Thursday, May 26, 2016

Walking in a Windy Wonderland

Days 13-14, May 24-26
Experience 14: landscape 
The days following my musical bus fame, we ventured to local towns and studied more craters. We were fortunate to gain a tour of Sólheimar on the 24th, before we departed the following day. While leaving the community and it's wonderful accommodations was equally saddening, increased rain and wind made me fortunate for a dry bus and hours to sleepily gaze at the ever changing landscape. Our next hostel destination, Vagnsstadir, was surprisingly even more remotely located. The drive to this new region represented another complete change in scenery. One of my favorite parts of travel is staring out the window, lost in thought by the continually changing landscape. Iceland's geography is mesmerizing. It is difficult to find continually within the different regions of the country. Mountainous landscapes gradually fade away to be replaced by wide, flat regions, only to spring up again massive amongst the vast flatness.
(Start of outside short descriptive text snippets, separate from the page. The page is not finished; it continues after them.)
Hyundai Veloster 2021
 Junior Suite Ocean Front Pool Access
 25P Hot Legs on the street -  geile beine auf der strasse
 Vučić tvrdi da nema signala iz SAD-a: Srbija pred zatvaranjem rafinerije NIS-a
My favorite areas are comprised of ancient magma flows where thickly soft moss has flourished. The moss's effect results in each rock resembling soap spilling out of the holes in a sponge. Our weather has continually fluctuated - snow, wind, sun, fog - sometimes all at once. During our journey to the coastal Vagnsstadir, I was captivated by the foggy envelopment swirling around the Golden Goose. Enormous outcrops and ridges remained partially concealed by the stagnant mist, giving them a very eerie dimension. I was transfixed by this dichotomy between a concealed landscape and the enticement to explore. Eventually the mist parted and the rain lessened enough for us to find our hostel. I am writing this post from a cozy common room with an Icelandic midnight keeping my mind awake but my body tired. Beyond the window I can spot the sea. Originally I was unaware the ocean was so close because of the fog. Without a group member pointing this out, the sea would just be another grey cloud blending into the pale blue sky. As full of emotion as fog can be, I am ready for some sunshine!! Hoping for warmth tomorrow. 

Day 15 May 26
Experience 15: Glacial Greetings II
So no warmth - only howling winds that have grown in great intensity. Winds encircled our small sleeping cottage, giving it a very Little House on the Prairie vibe. We emerged early this morning and were slightly more punctual than most days. Today was the day we visited GLACIER LAGOON (not to be confused with Blue Lagoon). Glacier Lagoon is located in a glacial outcrop plain, where miniature icebergs break from the glacier and flow out to sea. Vatanjökull is the second glacier we have visited and the largest found outside of Antartica. It's massive form is large enough to submerge neighboring mountains and its runoff is a bright crystal blue color. The theme of today was layering. The winds at Vatanjökull were the strongest I have ever felt. Perhaps if I had stayed away from the Icelandic cookies the wind would have been able to lift me from the ground. Despite the mental image, you can visualize the strong conditions we were facing. We again were fortunate to spot grey seals zipping through the water, comfortable in the freezing temperatures. With wind whipping my face, I eventually grew numb to the adversity and only focused on what I was seeing - Glaciers, Icebergs, the roaring North Atlantic, and playful seals. I often think about the drastically different environments I have occupied and each time think it could make a great cover story in Nat Geo (still dreaming). Presently, I was staring into electric blue water the farthest north I might ever traveled and struggling to take in all the sensations. My emotional capacity is not large enough for Iceland. 
Our professors were giddy with wonder at the looming glacier miles away and continued to hike towards the monstrosity. With the wind at our backs, the hike was only moderately strenuous. Eventually we realized there was no hope of touching the glacier unless we wished to make our visit to the lagoon overnight. After a group photo, we turned around to hike back to the Golden Goose. MISTAKE. The wind on the way back was straight lined and whirling with northern fury. We were immediately facing a struggle. It felt like we were preparing for war over Middle Earth. Despite this blustery battle the glacier exploration was completely rewarding. Our evening back at the hostel has been quiet, as we recover from the wind and contemplate the few days we have left together and on this prehistoric island.